Grant Curtis has executive produced blockbuster hits such as The Gift, Drag Me To Hell, Oz the Great and Powerful, and most notably Sam Raimi's Spider Man trilogy. Curtis was at Loyola Marymount University for a student-moderated interview in partnership with LMU's ROAR network. Here are some highlights:
You started out as Sam Raimi's assistant. How did that happen?
I was actually living here [Los Angeles] when my neighbor told me that a director was looking for an assistant. At the time I don't think I realized it was Sam. I interviewed and, somehow, I got the job.
What's it like working with him?
He's great. I've collaborated with him throughout most of my career, and I don't think that would be possible if we didn't click on a personal level. And that's really what Hollywood is about. It's about making connections and working with people you work well with.

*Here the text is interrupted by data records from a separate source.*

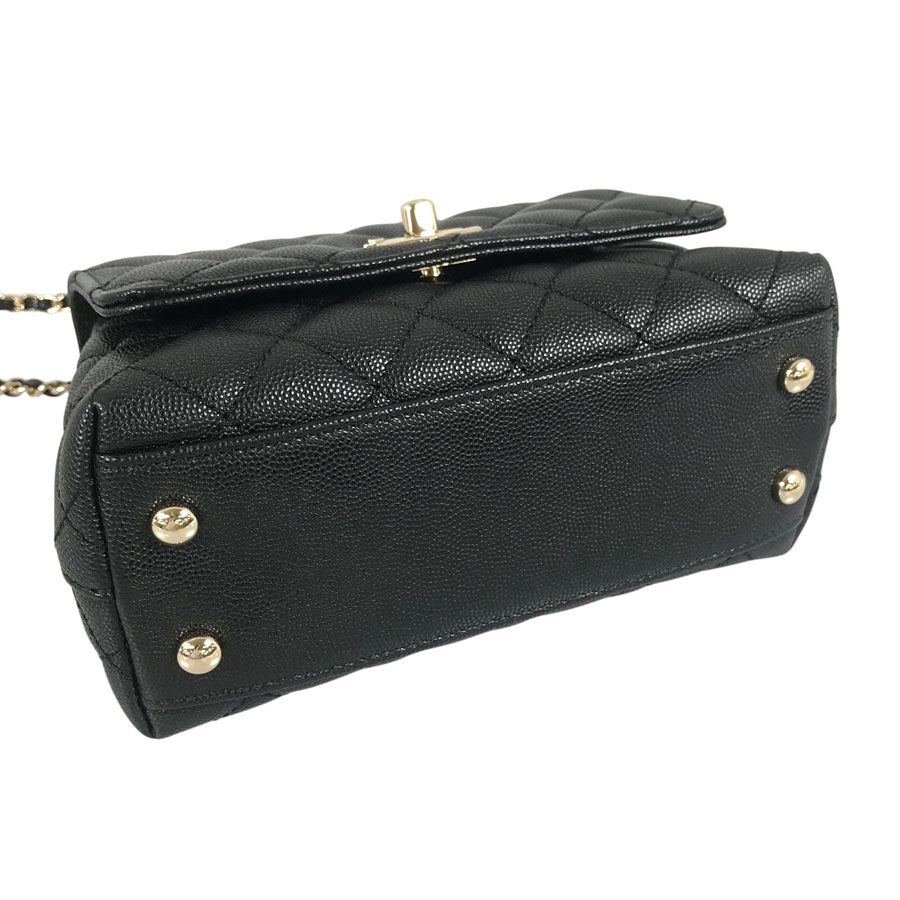 CHANEL Coco Handle XXS Hand bag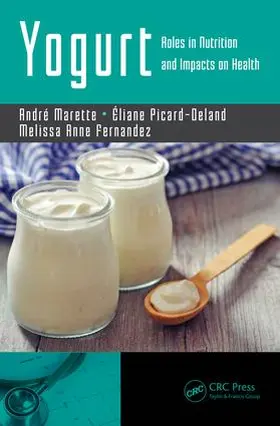 Marette / Picard-Deland / Fernandez |  Yogurt | Buch |  Sack Fachmedien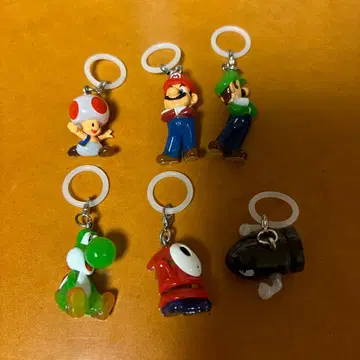 슈퍼 마리오 메지루시 액세서리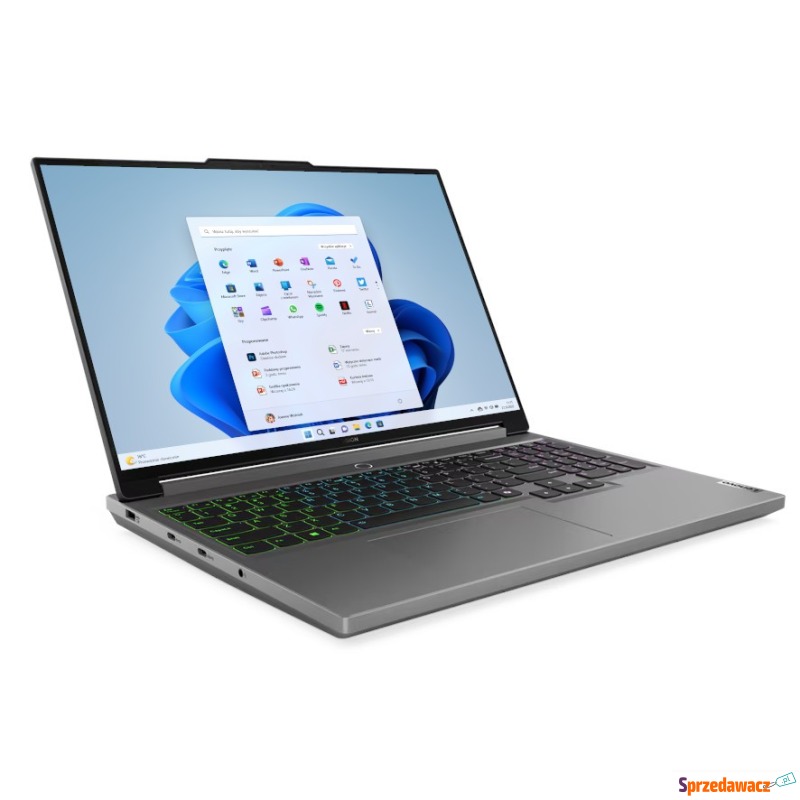 Lenovo Legion 5-16 - Core i7-14650HX | 16''-W... - Laptopy - Warszawa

You made cameos in two of the Spider Man movies. What was that like?
I played a hot-dog vendor in the first movie. In the second, I was a cop who gets knocked out. It was a blast.
So any possibility of you becoming an actor?
God no. I can't act. There are people who think they can act. I am very certain that I cannot act. Acting is much harder than people believe it to be. It looks easy because these actors are literally paid to make what they do look natural. So, no. I think I'll stick to producing.
Who has been your favorite actor to work with?
You know, most of the actors I've worked with have been great to work with. As a producer, you interact with them on a daily basis when you're filming and I've been able to collaborate really well with some actors. I wouldn't say I have a favorite.
Do you have a least favorite?
There are bound to be people you disagree with. But no. No one stands out as being especially challenging to work with.
Who's an actor or an actress you want to work with?
That's a tough one, especially because there's so much talent out there right now. I'd have to say Brad Pitt. He's great. Did you know we both went to the same University [University of Central Missouri]? Obviously when you think of Missouri, you don't think of the film industry. But in a way, he put us on the map.
What advice do you have for people aspiring to work in the film industry?
Do everything. Do the jobs that no one wants to do. And, this is very important, be a good person. It sounds strange but you can't forget that this industry is all about who you know. As I said, people want to work with people who they enjoy working with. People want to work with nice people.